While I didn’t think that the Irish drank Guinness ALL of the time, it never occurred to me that it wouldn’t be what the Irish drank MOST of the time. It didn’t take us too long to notice that Guinness was not the only drink that people were drinking. With due apologies to the Coors-loving Texan we met in Gort, Ireland, we were horrified that American beer-flavored water was often featured on tap. With some many delicious Irish beers, we weren’t sure why the Irish felt the need to stray. Everywhere you went, Budweiser had big ads about its ice cold beer chilled below zero. If the best thing you can say about your beer is that it needs to be below freezing to make it taste okay, pardon me if I don’t rush to the bar to try some. Strangely, we noticed the ads for Harp featuring the ice chilled temperature as its selling point. I tried a Harp and was disappointed. I’m not sure if it tastes better at home in relation to other options, or if the beer is formulated differently, or if it has been a long time since I had a Harp, but it was not great. Besides Guinness, Smithwick’s is featured on almost every tap. Our friend Matt is fond of Kilkenny, and we saw that from time to time. But what people were drinking most frequently was Carlsburg, a mild Danish lager, or, gasp, Budweiser.
We decided to get to the bottom of the Irish beer drinking habits by quizzing the bartender at the gastropub in Dublin. Dave, the bartender, told us that Guinness is no longer the most popular beer in Ireland, and that young people don’t drink Guinness. He said that the only people who drink Guinness in Ireland are the older people and the tourists. He said no one drinks Harp or Kilkenny, and that most people drink Carlsburg or some other lager. According to Dave, Guinness is developing a lighter lager to try to recapture some of the market. He said that Ireland used to have lots of microbrews, but the Queen got rid of most of them. Now, the microbrews are trying to make a comeback.

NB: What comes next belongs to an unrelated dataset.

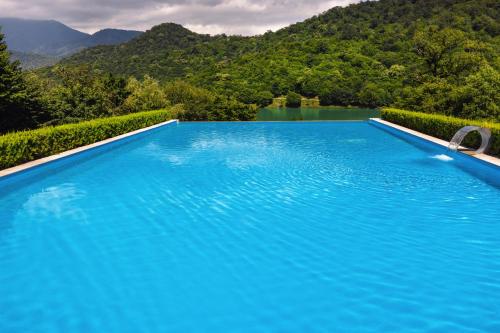 克瓦雷利克瓦雷利湖酒店的一个大型蓝色游泳池,后面是群山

I know. It was a shock to me, too. I mean, we are talking about a country where every – and I mean EVERY – pub has a Guinness sign out front. A city that has a bridge devoted to Guinness. Now, we decided to take Dave’s insight as a grain of salt. This is coming from one person, who happens to be a bartender in a bar featuring microbrews. On top of that, we weren’t sure whether to trust Dave or not.
We were staying in the rowdy Temple Bar section. While it was filled with pubs, most of the people frequenting them were either tourists or college students. So we asked for recommendations for a place where he and other locals would go out. Dave directed us to several bars on a street far away from the touristy center. The first bar was packed to the gills with very, very drunk college students. It was loud and obnoxious and reminiscent of the bars in the Temple Bar, except substitute annoying American music like Kid Rock for traditional Irish bands catering to tourists. We stayed for one beer, but left after a guy started throwing up at the table beside us.
Thus began a debate amongst us: was Dave messing with us by sending us to that bar? You see, he had told us that when English tourists inquired where to go out for good night life, they always sent them to the gay bars as a joke. The bar seemed at odds with his laid-back nature and his Ipod-playlist playing over the loudspeakers at the gastropub. Was this a joke on us? Is this where he sends Americans for a laugh?
We’ll never know, but the countervailing argument was that the single members of our group had inquired about the best place to meet Irish ladies and one could have their pick of drunken women at that bar. And the second bar he recommended was much more a speed: laid-back, good tunes, and not crowded. The two bars did have something in common though: practically the only ones drinking Guinness in either one was us.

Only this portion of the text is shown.